The French Grande Randonnée No. 20, better known as the GR20, is a "Great Hike" footpath that crosses the Mediterranean island of Corsica running from north to south, described as "one of the top trails in the world". The trail is considered to be the most difficult of all the GR routes in Europe, thanks to the loose rocks, snow and puddles, extreme heat and cold, or the climbing. The trail can demand over 3300 feet of vertical ascent in just 3 miles.
But, it is also the most rewarding trail: good views might come free in the great outdoors, but the best don't come without a bit of hard work.
Distance | 129.98 mi |
---|---|
Elevation gain | 44,475 ft |
Elevation loss | 44,549 ft |
Time | 13 days |
About the trail
Between the northern starting point at Calenzana to the finish at Conca in the south, there are hidden mountain lakes, expansive sea views, rugged and rocky cliffs, and remarkable panoramas.
The northern part, between Calenzana and Vizzavona, is the more difficult part because of the steep and rocky paths while the southern part, between Vizzavona (the halfway point) and Conca, is (only slightly) easier with rolling hills and green as far as the eye can see. After the halfway point I began combining stages due to how easy the southern portion was.
This particular trail is one where camping is most common form of shelter at the various mountain huts, known as "Refuges", along the trail. Each of these Refuges provides basic services including home-cooked meals, bathrooms, and showers. The summer months of June and July are usually the best time to go since most of the refuges are opened and staffed.
A highly recommend resouce to have for planning this hike is the Cicerone guidebook.
Getting there
Corsica has four airports, believe it or not: two in the north and two in the south. All are potentially fine options for getting to the start/end of the trail, and I went with Calvi just because plane schedules worked out that way. At the end of the hike I flew out of Ajaccio.
Where to sleep each night
There were three options on this trek:
- Book a bed in a dormitory (where available)
- Book one of the many provided tents
- Bring your own tent
Luckily for this thru-hike you don't need to book anything in advance when bringing your own tent: all you have to do when showing up at a Refuge is tell the guardian that you've got your own tent, and they'll tell you to pitch it wherever you can find an open spot.
All of the Refuges had plenty of places for those who brought their own tents, but they also had plenty of their own heavy-duty tents that could be reserved in advance or when you showed up (if they have any available that is). Some even have dormitories available for reserving in advance, but tents are the main way to go on this hike.
Each refuge has showers and bathroom facilities as well.
Some of the tent sites are exposed to the wind, while others had rock walls or vegetation encircling them. A fair amount of spots also had ground that was too hard for stakes, but plenty of heavy rocks were nearby. Most of the spots I pitched my tent at were partially exposed to the wind, and only a few of them had partial shade.
Food and meals
Perhaps one of the best comforts of this hike is the luxury of the refuges which sell food and drinks and serve a pretty gourmet dinner, which is available at all refuges for 20-25 euros per person. You need to order dinner, and breakfast if you want it, on arrival though in order to guarantee a seat and a plate.
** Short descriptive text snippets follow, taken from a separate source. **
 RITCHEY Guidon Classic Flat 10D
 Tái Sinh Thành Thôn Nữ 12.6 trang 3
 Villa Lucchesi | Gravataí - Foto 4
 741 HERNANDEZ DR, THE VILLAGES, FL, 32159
Other food options including snacks, sandwiches, breads, cheese, and charcuterie are available to purchase ahead of dinner time.
Now for the best part: beer and wine are available at all refuges for an affordable price. Wine is served by the glass, half a liter or full liter, and usually 2, 5, and 10, euros respectively. Beer was typically 7 euros for a 16oz glass and came cold.
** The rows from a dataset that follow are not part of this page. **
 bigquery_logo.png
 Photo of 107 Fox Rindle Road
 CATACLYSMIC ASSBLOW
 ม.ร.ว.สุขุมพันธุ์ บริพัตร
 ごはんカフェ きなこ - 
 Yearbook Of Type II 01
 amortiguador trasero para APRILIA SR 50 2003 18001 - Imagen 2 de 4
If you do wish to bring your own meals, each Refuge has a place for cooking.
Gear requirements
It is highly recommended to go as light as possible with gear on this hike, even if this means shelling out cash for some ultralight gear. The time spent hiking over the mountainous terrain, or along narrow/steep ledges, is much more pleasant when carrying less weight on your back, and I can attest to that. My pack, before adding water and food, weighed about 10 pounds or 4.5 kg.
A full list of the gear used on this trek can be found here. Most of the gear worked out very well, but some items didn't, and I learned a lot about which ultralight items worked for me.
Here are some of the must haves for this trek:
- Solid, comfortable, footwear
- Trekking poles
- Lightweight pack (ideally 30-45 liters)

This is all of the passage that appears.